Women have head circumferences that are normally distributed with a mean given by mu equals 22.14 in​., and a standard deviation given by sigma equals 0.8 in. Complete parts a through c below. a. If a hat company produces​ women's hats so that they fit head circumferences between 21.4 in. and 22.4 ​in., what is the probability that a randomly selected woman will be able to fit into one of these​ hats?

The probability is . ​(Round to four decimal places as​ needed.)

b. If the company wants to produce hats to fit all women except for those with the smallest 1.5​% and the largest 1.5​% head​ circumferences, what head circumferences should be​ accommodated?

The minimum head circumference accommodated should be

The maximum head circumference accommodated should be . ​(Round to two decimal places as​ needed.)

c. If 19 women are randomly​ selected, what is the probability that their mean head circumference is between 21.4 in. and 22.4 ​in.? If this probability is​ high, does it suggest that an order of 19 hats will very likely fit each of 19 randomly selected​ women? Why or why​ not? (Assume that the hat company produces​ women's hats so that they fit head circumferences between 21.4 in. and 22.4 ​in.)

The probability is . ​(Round to four decimal places as​ needed.)

If this probability is​ high, does it suggest that an order of 19 hats will very likely fit each of 19 randomly selected​ women? Why or why​ not?

A. ​Yes, the order of 19 hats will very likely fit each of 19 randomly selected women because both 21.4 in. and 22.4 in. lie inside the range found in part​ (b).

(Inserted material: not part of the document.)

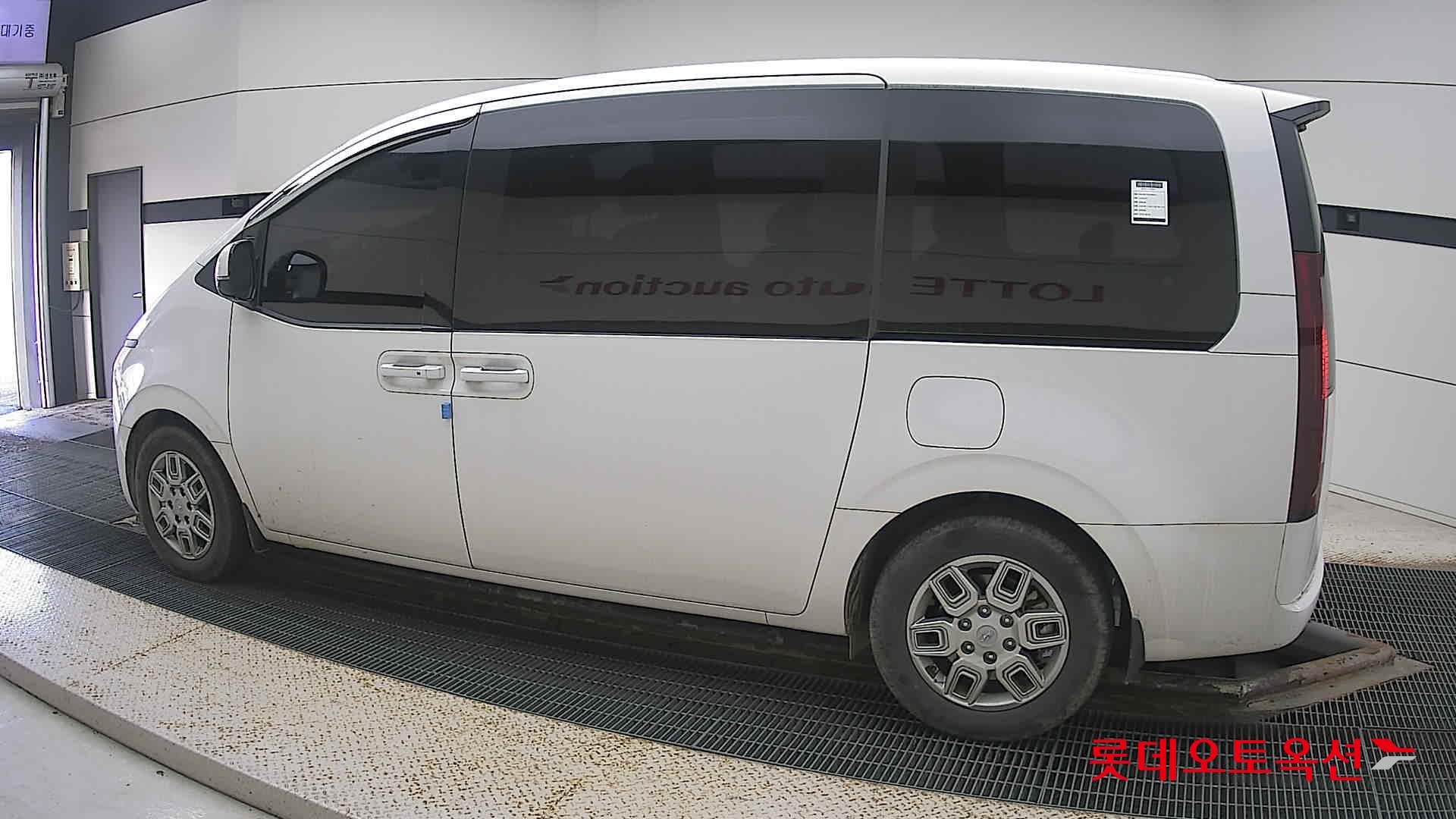 Hyundai Staria id 3471645 из Кореи 11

B. ​No, the hats must fit individual​ women, not the mean from 19 women. If all hats are made to fit head circumferences between 21.4 in. and 22.4 ​in., the hats​ won't fit about 7.78​% of those women.

C. ​No, the hats must fit individual​ women, not the mean from 19 women. If all hats are made to fit head circumferences between 21.4 in. and 22.4 ​in., the hats​ won't fit about half of those women.

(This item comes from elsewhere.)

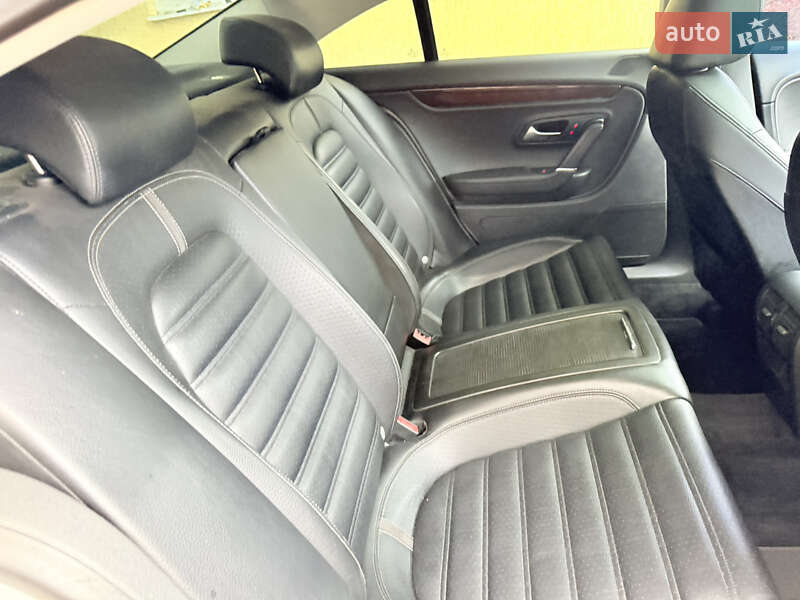 Купе Volkswagen CC / Passat CC 2011 в Харькове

D. ​Yes, the probability that an order of 19 hats will very likely fit each of 19 randomly selected women is 0.9222.

PLEASE SHOW WORK USING A TI-84 Calculator AND By HAND

Answer 1

a)

µ =    22.14          
σ =    0.8          
we need to calculate probability for ,              
P (   21.40   < X <   22.40   )

calculator function: "normalcdf(21.40,22.40,22.14 , 0.8) "

P (   21.40   < X <   22.40   ) = 0.4499   (answer)

b)

If the company wants to produce hats to fit all women except for those with the smallest 1.5​% and the largest 1.5​% head​circumferences

The minimum head circumference accommodated should be "invnorm(0.015,22.14,0.8)" = 20.40
The maximum head circumference accommodated should be "invnorm(0.985 , 22.14 , 0.8) " = 23.88

c)

n=19

probability that their mean head circumference is between 21.4 in. and 22.4​in=0.9222

"normalcdf(21.40,22.40,22.14 , 0.8/√(19)) "

B. ​No, the hats must fit individual​ women, not the mean from 19 women. If all hats are made to fit head circumferences between 21.4 in. and 22.4 ​in., the hats​ won't fit about 7.78​% of those women.